I would be happy if someone can give me some hint or offer a better approach to find a way to find 5th point. Thanks!

EDIT:

I actually solved the problem based on Daveloper's answer. I constructed a Unity 4x4 matrix like this:

[ R00 R01 R02 T.x ]

[ R10 R11 R12 T.y ]

[ R20 R21 R22 T.z ]

[ 0    0   0   1  ]

I tested this creating primitive objects in Unity and apply translation and rotation using the matrix above like this:

 TestObject.transform.position  = TransformationMatrix.MultiplyPoint3x4(TestObject.transform.position);

 TestObject.transform.rotation *= Quaternion.LookRotation(TransformationMatrix.GetColumn(2), TransformationMatrix.GetColumn(1));

to use a 3x3 rotation matrix and a translation vector to set a transform, use

// rotationMatrixCV = your 3x3 rotation matrix; translation = your translation vector



var rotationMatrix = new Matrix4x4();

for (int i = 0; i < 3; i++)

{

    for (int j = 0; j < 3; j++)

    {

        rotationMatrix[i, j] = rotationMatrixCV[i, j];

    }

}

rotationMatrix[3, 3] = 1f;



var localToWorldMatrix = Matrix4x4.Translate(translation) * rotationMatrix);



Vector3 scale;

scale.x = new Vector4(localToWorldMatrix.m00, localToWorldMatrix.m10, matrix.m20, localToWorldMatrix.m30).magnitude;

scale.y = new Vector4(localToWorldMatrix.m01, localToWorldMatrix.m11, matrix.m21, localToWorldMatrix.m31).magnitude;

scale.z = new Vector4(localToWorldMatrix.m02, localToWorldMatrix.m12, matrix.m22, localToWorldMatrix.m32).magnitude;

transform.localScale = scale;



Vector3 position;

position.x = localToWorldMatrix.m03;

position.y = localToWorldMatrix.m13;

position.z = localToWorldMatrix.m23;

transform.position = position;



Vector3 forward;

forward.x = localToWorldMatrix.m02;

forward.y = localToWorldMatrix.m12;

forward.z = localToWorldMatrix.m22;



Vector3 upwards;

upwards.x = localToWorldMatrix.m01;

upwards.y = localToWorldMatrix.m11;

upwards.z = localToWorldMatrix.m21;



transform.rotation = Quaternion.LookRotation(forward, upwards);

NOTICE:

This is only useful if this rotation and translation define your 5th point's location in the world in the coordinate system that is actively being used...
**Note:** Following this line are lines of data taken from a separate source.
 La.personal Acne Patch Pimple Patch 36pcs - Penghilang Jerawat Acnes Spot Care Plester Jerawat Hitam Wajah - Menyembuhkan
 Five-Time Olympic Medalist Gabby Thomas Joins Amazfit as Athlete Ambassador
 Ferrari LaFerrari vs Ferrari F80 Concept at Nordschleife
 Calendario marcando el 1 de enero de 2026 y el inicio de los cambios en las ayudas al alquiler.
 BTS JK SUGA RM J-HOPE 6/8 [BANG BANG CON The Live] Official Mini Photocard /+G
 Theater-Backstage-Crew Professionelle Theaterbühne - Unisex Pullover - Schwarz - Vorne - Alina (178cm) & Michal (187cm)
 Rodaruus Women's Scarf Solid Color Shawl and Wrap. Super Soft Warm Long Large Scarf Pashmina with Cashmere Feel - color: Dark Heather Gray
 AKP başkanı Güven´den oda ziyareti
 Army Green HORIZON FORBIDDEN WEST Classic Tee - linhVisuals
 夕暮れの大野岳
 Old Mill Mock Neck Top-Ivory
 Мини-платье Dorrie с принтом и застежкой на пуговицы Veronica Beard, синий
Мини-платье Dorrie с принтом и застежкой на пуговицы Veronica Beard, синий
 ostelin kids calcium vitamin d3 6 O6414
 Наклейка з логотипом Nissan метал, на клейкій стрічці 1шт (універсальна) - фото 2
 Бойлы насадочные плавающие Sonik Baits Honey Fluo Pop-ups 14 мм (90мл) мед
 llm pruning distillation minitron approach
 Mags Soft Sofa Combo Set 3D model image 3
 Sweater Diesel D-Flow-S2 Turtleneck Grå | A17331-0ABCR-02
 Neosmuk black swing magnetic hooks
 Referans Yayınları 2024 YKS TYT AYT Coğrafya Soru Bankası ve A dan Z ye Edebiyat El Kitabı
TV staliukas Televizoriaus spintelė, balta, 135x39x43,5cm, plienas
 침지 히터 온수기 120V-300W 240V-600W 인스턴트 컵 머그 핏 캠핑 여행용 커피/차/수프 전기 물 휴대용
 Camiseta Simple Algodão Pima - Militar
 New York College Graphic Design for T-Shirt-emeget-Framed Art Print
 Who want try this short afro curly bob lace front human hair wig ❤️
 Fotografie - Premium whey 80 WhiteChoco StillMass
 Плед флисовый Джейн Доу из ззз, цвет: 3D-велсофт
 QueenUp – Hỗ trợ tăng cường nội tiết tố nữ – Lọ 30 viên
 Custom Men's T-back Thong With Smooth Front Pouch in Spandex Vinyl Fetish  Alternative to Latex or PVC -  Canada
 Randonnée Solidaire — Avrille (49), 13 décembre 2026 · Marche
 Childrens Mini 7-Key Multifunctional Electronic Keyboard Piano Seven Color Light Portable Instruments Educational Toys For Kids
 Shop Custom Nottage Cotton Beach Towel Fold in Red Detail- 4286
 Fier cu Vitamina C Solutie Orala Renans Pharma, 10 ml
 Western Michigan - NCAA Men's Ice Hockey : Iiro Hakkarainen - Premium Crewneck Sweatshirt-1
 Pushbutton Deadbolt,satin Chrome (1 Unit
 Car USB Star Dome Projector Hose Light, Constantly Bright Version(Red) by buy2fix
If your rotation and translation mean anything else, you'll have to do more. Glad to help further if you can define what this rotation and translation mean exactly.

If I understand your question correctly, you want to be able to create a rotation quaternion from a 3x3 matrix.

You can think of a 3x3 rotation matrix as three vectors of length 1 all at 90 degrees to each other. e.g.:

| forward.x    forward.y    forward.z |

| up.x         up.y         up.z      |

| right.x      right.y      right.z   |

A pretty reliable way to do the conversion is to take the forward and up vectors out of your matrix and applying them to the Unity method https://docs.unity3d.com/ScriptReference/Quaternion.LookRotation.html

This will create a quaternion that corresponds to your matrix. Depending on your actual situation, you might need to use the inverse of the quaternion, but essentially this is what you need.

Note you only need the forward and up, because the right is always the cross product of those two and adds no information. Also take care that you matrix is a pure rotation matrix (i.e. no scaling or skewing), otherwise you might get unexpected results.